Could all of the entries be written out exactly, with any pictures omitted?
[Exercise input]
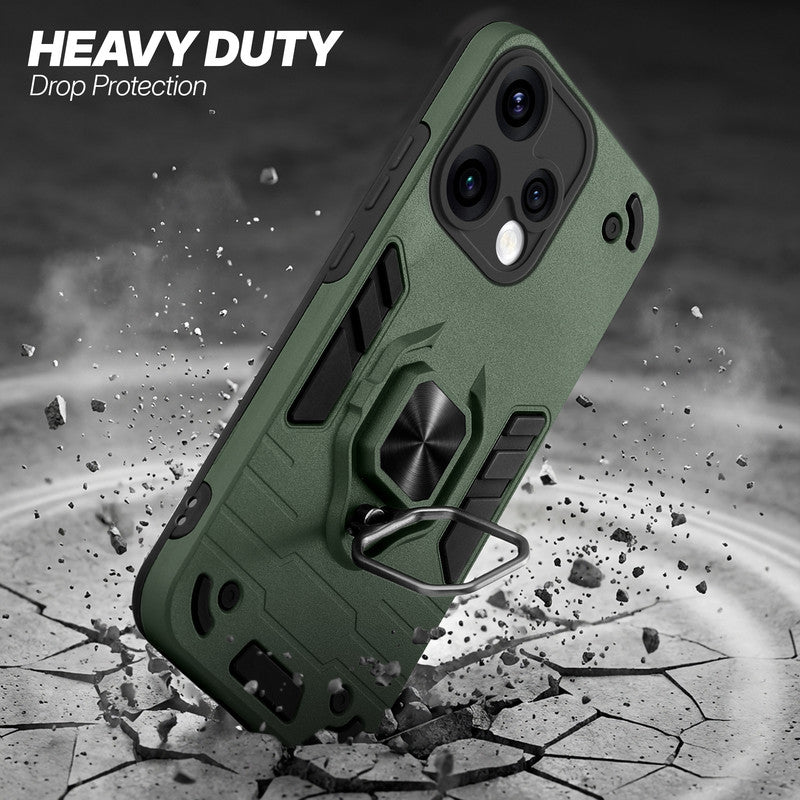 Oppo Reno 15 5G protective case illustrating impact drop protection with an impact-resistant frame.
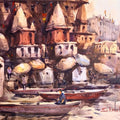 Banaras Ghat 5' religious watercolor painting by artist Subrata Malakar, 22x30 inch, on paper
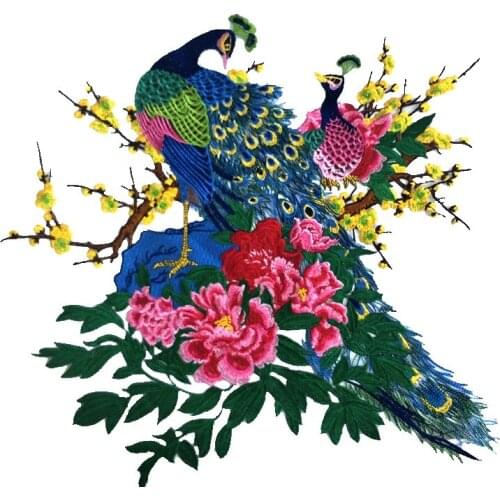 1Price 55*55cm large exquisite peacock embroidery flower patch white transparent mesh clothing decorative cloth stickers A1520
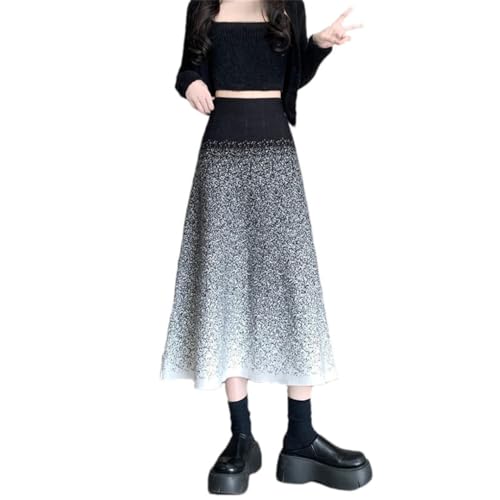 Pulcykp Women Fall Winter High Waist Slim A-Line Midi Skirts Gradient Color Loose Casual Sight Strech Knit Skirt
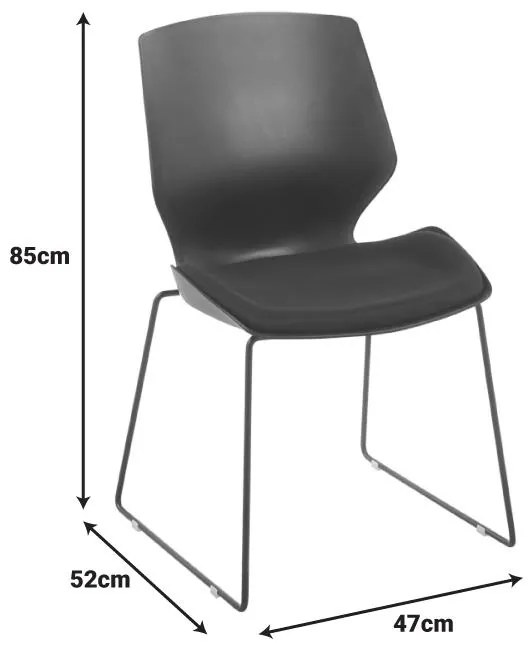 Καρέκλα επισκέπτη Genuine PP-PU σε μαύρη απόχρωση με μαξιλάρι 47x52x85εκ 47x52x85 εκ.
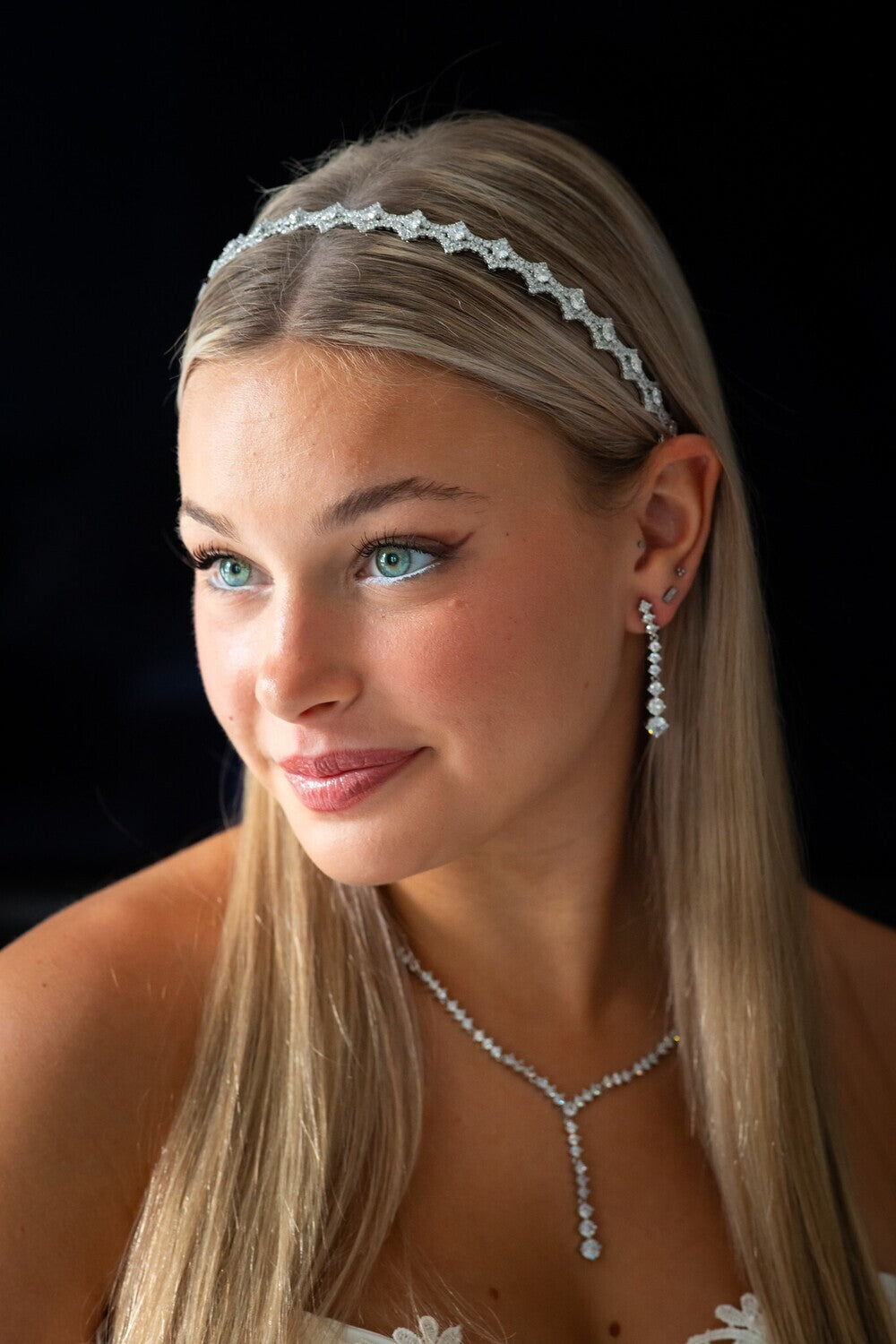 Natalia - Beautiful silver crystal wedding headband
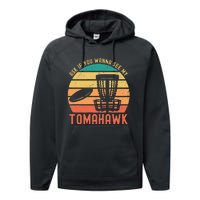 Funny Disc Golf Sport See My Tomahawk Retro Frissbee Golf Performance Fleece Hoodie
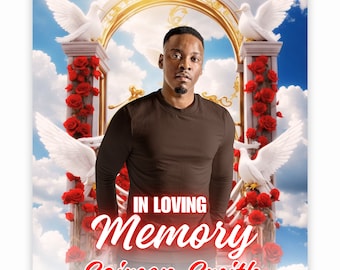 In Loving Memory PNG, Red Rose Heaven&#39;s Stairway Memorial Background for Funeral & Remembrance. Canva RIP Memorial T-shirt PNG Sublimation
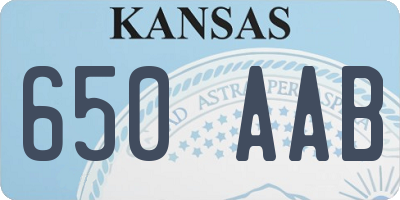 KS license plate 650AAB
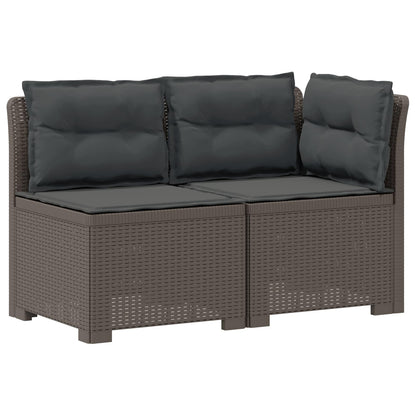 Divano da Giardino a 2 Posti con Cuscini Aspetto Rattan PP | homemem39
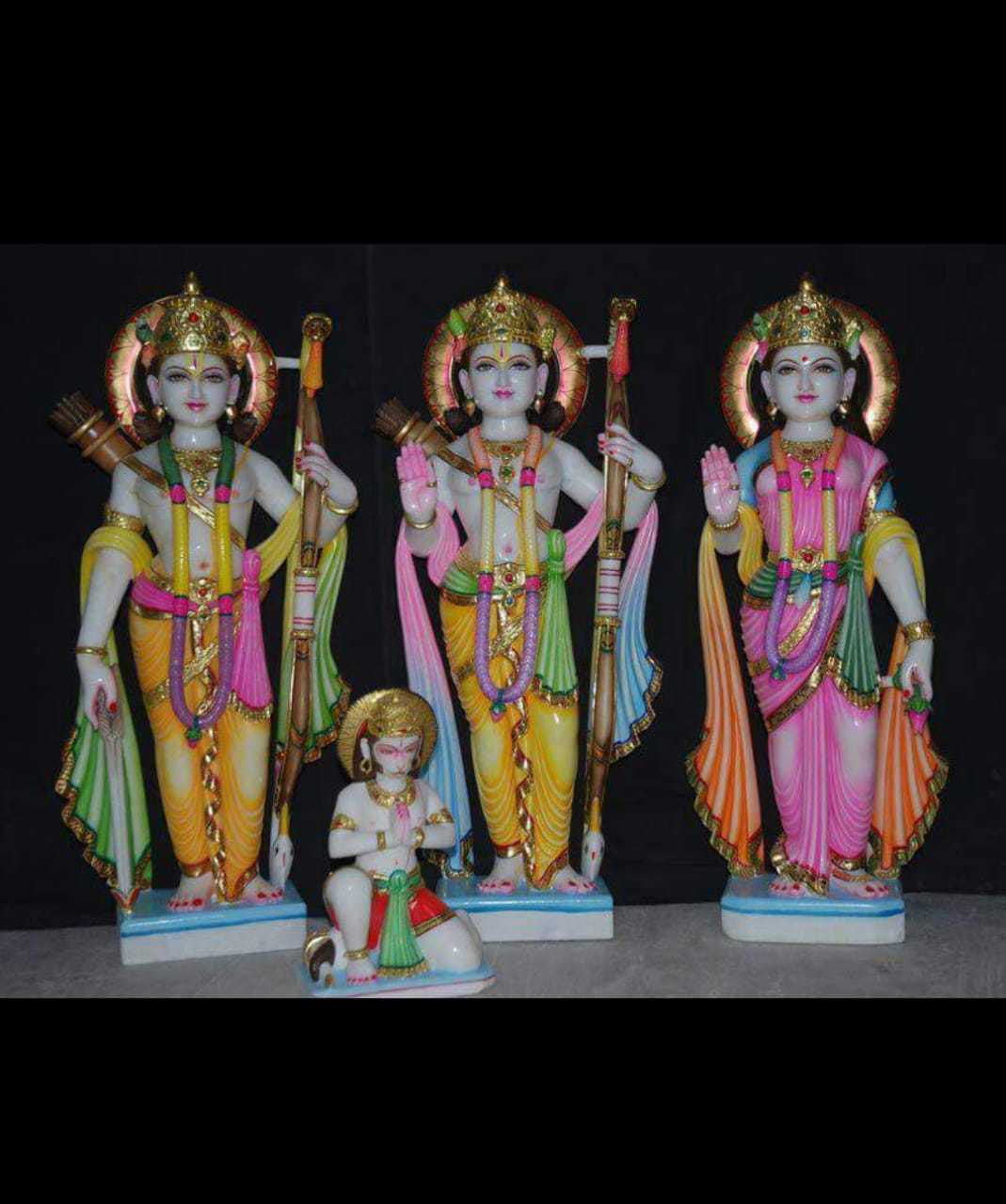 Marble Ram Darbar Figurine - 3 Feet Height | Handmade Temple Style, Religious Theme With Painted Finish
[/Exercise input]
### Solved problem
 Oppo Reno 15 5G protective case illustrating impact drop protection with an impact-resistant frame.
 Banaras Ghat 5' religious watercolor painting by artist Subrata Malakar, 22x30 inch, on paper
 1Price 55*55cm large exquisite peacock embroidery flower patch white transparent mesh clothing decorative cloth stickers A1520
 Pulcykp Women Fall Winter High Waist Slim A-Line Midi Skirts Gradient Color Loose Casual Sight Strech Knit Skirt
 Καρέκλα επισκέπτη Genuine PP-PU σε μαύρη απόχρωση με μαξιλάρι 47x52x85εκ 47x52x85 εκ.
 Natalia - Beautiful silver crystal wedding headband
 Funny Disc Golf Sport See My Tomahawk Retro Frissbee Golf Performance Fleece Hoodie
 In Loving Memory PNG, Red Rose Heaven&#39;s Stairway Memorial Background for Funeral & Remembrance. Canva RIP Memorial T-shirt PNG Sublimation
 KS license plate 650AAB
 Divano da Giardino a 2 Posti con Cuscini Aspetto Rattan PP | homemem39
 Marble Ram Darbar Figurine - 3 Feet Height | Handmade Temple Style, Religious Theme With Painted Finish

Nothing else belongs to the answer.